WORSLEY DARCEY & ASSOCIATES (a firm)
FILE NO: 35/2003
DELIVERED ON: 30 March 2015
DELIVERED AT: Hobart
HEARING DATES: 11 and 12 February 2015
(written submissions closed 25 March 2015)
JUDGMENT OF: Holt AsJ
CATCHWORDS:
Corporations – Legal capacity and relations with outsiders – External litigation procedure – Costs – Security for costs – Reason to believe corporation unable to pay defendant's costs – Corporation bringing proceedings as trustee.
Corporations Act 2001 (Cth), s 1335.
Aust Dig Corporations [1071]
REPRESENTATION:
Counsel:
Plaintiff: S Matters
1st, 2nd & 3rd defendants: G Tremayne
4th defendant: C Gunson
5th defendant: P Sutherland
Solicitors:
Plaintiff: Fitzgerald & Browne
1st, 2nd & 3rd defendants: Tremayne Faye & Rheinberger
4th defendant: Lander & Rogers
5th defendant: Murdoch Clarke
Judgment Number: [2015] TASSC 11
Number of paragraphs: 39
Serial No 11/2015
File No 35/2003
JADWAN PTY LTD v RAE & PARTNERS (a firm) and
WILSON DOWD (a firm) and TOOMEY MANING & CO (a firm) and
JANET KAY HOGAN as Executor of the Estate of the Late John Michael Hogan and WORSLEY DARCEY & ASSOCIATES (a firm)
REASONS FOR JUDGMENT Holt AsJ
30 March 2015
The five defendants have applied for orders that the plaintiff company give security for their costs of the litigation. The total of the security sought is about $710,000.
The proceedings, which have since been consolidated, were initiated by the plaintiff in three actions, each commenced in 2003. The security for costs applications were filed in late 2014.
The jurisdiction of this court to make an order giving security for costs exists in its inherent jurisdiction, under rules of court and by legislation.
In the case of plaintiff corporations the power is regulated by s 1335(1) of the Corporations Act 2001 (Cth) which is as follows:
"Where a corporation is plaintiff in any action or other legal proceeding, the court having jurisdiction in the matter may, if it appears by credible testimony that there is reason to believe that the corporation will be unable to pay the costs of the defendant if successful in his, her or its defence, require sufficient security to be given for those costs and stay all proceedings until the security is given."
As can be seen, the only fetters on the jurisdiction imposed by the provision are the requirements that the corporation is a plaintiff and that it appears by credible testimony that there is reason to believe that the corporation will be unable to pay the costs of the defendants if successful in their defences. If the statutory pre-requisites are fulfilled, so as to enliven the discretion, the governing consideration is where the justice of the case lies. Merribee Pastoral v ANZ Banking Group Ltd (1998) 193 CLR 502 at [26].

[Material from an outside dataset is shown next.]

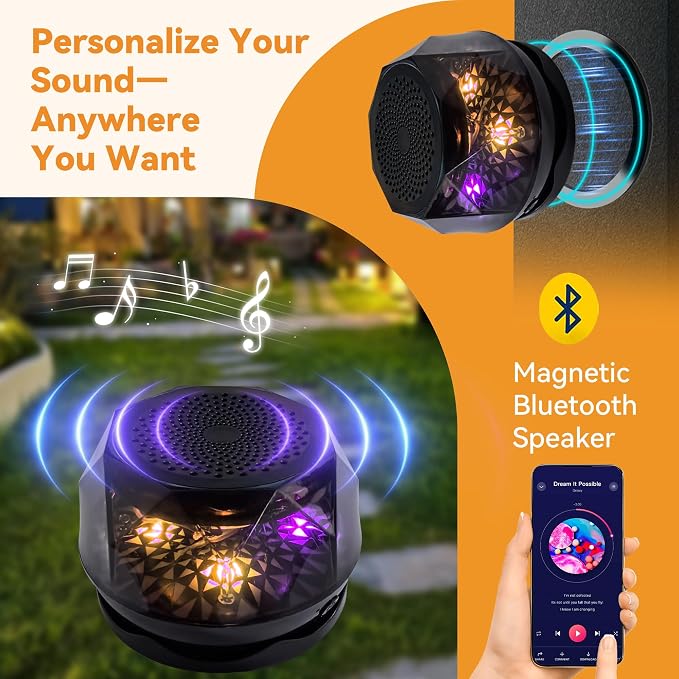 Patio Gazebo 10'x12' with LED Lights & Bluetooth Speaker, Heavy Duty Outdoor - Image 4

The most recent accounts available for the plaintiff company are contained in the plaintiff's financial report for the year ended 30 June 2013. The accounts show that the plaintiff was operating solely as the trustee of the JG & JI Alexander Family Trust. The plaintiff's assets, with the exception of its share capital of $2, were all held for the benefit of the trust. The assets included cash and cash equivalents of about $1.7 million and land and buildings recorded with a book value of about $700,000.
Recent title searches show that the land is comprised in three parcels, being properties at Fitzroy Place Hobart, Star Street Hobart, and Main Road Glenorchy. The most recent government valuations show the capital values of the properties to be respectively $1.29 million, $680,000 and $310,000. Each property is mortgaged to the Commonwealth Bank. The evidence is that as at February 2015 there were no loans secured by the mortgages.
The accounts show that as at 30 June 2013 the liabilities of the plaintiff were comprised almost entirely of unpaid present entitlements to the beneficiaries under the trust. These liabilities account for effectively the whole of the cash and cash equivalents held by the plaintiff and the land and buildings owned by the plaintiff.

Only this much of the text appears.